Constantine is the youngest of a widow's 9 sons; there is a young sister too, the apple of her mother's eye, who falls in love with a "foreigner" and wants to marry and go to "distant lands". Mother is against it, because she doen't want her daughter to go so far, and "what would happen if I am on my deathbed and cannot see her to say farewell". Constantine promises that he will go and fetch his sister, when the time comes. The sister marries and leaves.

Plague falls on the land. All 9 sons die from it, and the mother, herself on he deathbed, curses (dead) Constantine for having promised something that he now cannot deliver. A mother's curse being the strongest possible, it breaks Constantine's tombstone and he rises from the grave with his steed. Both look ghostly white, and kind of unwell, unsurprisingly.

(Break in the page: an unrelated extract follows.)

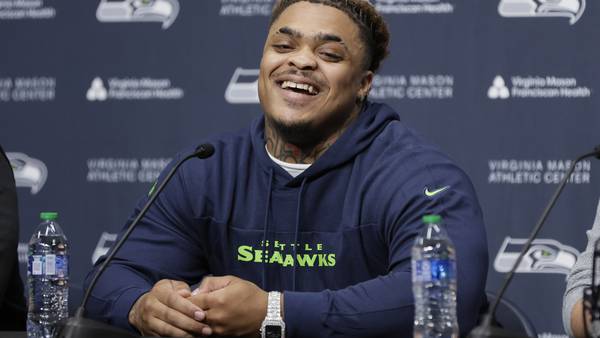 Position switch back in high school pays off for Seahawks’ first-rounder DT Byron Murphy II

Constantine rides to his sister's house to fetch her. She is puzzled by his looks, but he brushes he comments off with excuses (tired etc). She rides home with him, and on the way various animals, speaking with human voices (as is their wont) comment on this beautiful maiden riding with this corpse. Constantine keeps making excuses to his sister.

They make it to their mother's front door, where Constantine, having delivered on his promise, turns to dust with his steed, and his sister just makes it in time to say good bye to her dying mother.

The story is straightforward enough, then (!). My problem with this is that in the original Greek there is some very strong imagery and wonderfully inventive use of language, and I want to somehow transfer that to the translation. Worth noting that this song has contributed no less than three commonly used proverbs/sayings to the contemporary Greek language. It's a bit of a Holy Grail therefore, and I won't touch it unless I feel confident I can do it justice.